At the time of writing, a small-scale field test of the optimised filter is being conducted on a water treatment effluent stream, with results expected soon. PolyGone is also about to commence far larger trials: one will be dealing with a 5m-wide outlet of previously treated water from a municipal plant, a trial requiring more than 260 filter modules. These, in turn, will need automatic, daily cleaning: one can’t simply hose down the filters over a drain. “This will be the first full-scale validation test of our technology in an industrial setting,” says Banks.

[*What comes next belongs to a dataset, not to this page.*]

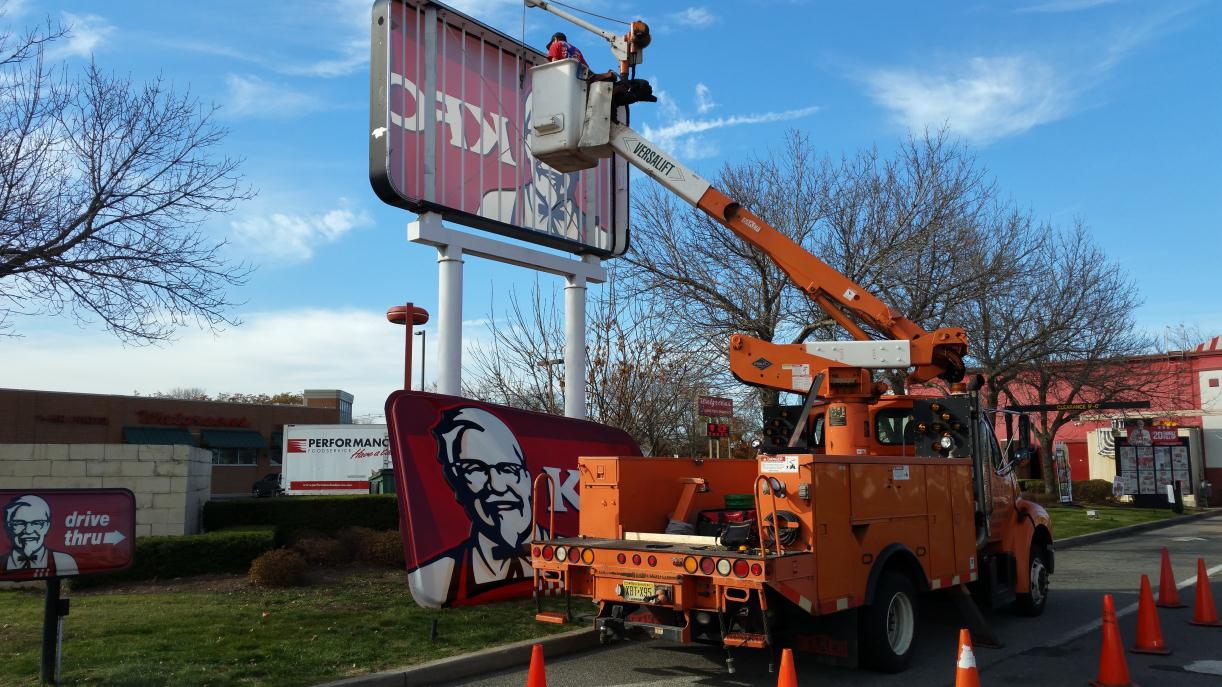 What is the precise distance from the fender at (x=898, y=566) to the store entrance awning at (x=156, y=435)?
5002 cm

There are other applications: for example, a marinacleaning company is interested in incorporating the technology into its autonomous robotic units. There is even a research group investigating microplastics’ lifecycles within an experimental lake: the idea being to use the filters as a monitoring and remediation tool (usefully, this will also give PolyGone exact data on its efficacy in a reservoir environment).
However, there remains the issue of what to do with the waste that’s been picked up. “You can’t just burn it or store it forever,” points out Banks. “So, we’re in partnership with a team in the University of Washington in St Louis who are developing a microplastic-digesting enzyme.”
It’s a fortuitous match. Banks continues: “They have an enzyme that works in the lab, but they don’t have many real-world samples to test it on, so they’re very happy to collect any microplastic particles we capture to see how well it can digest them.”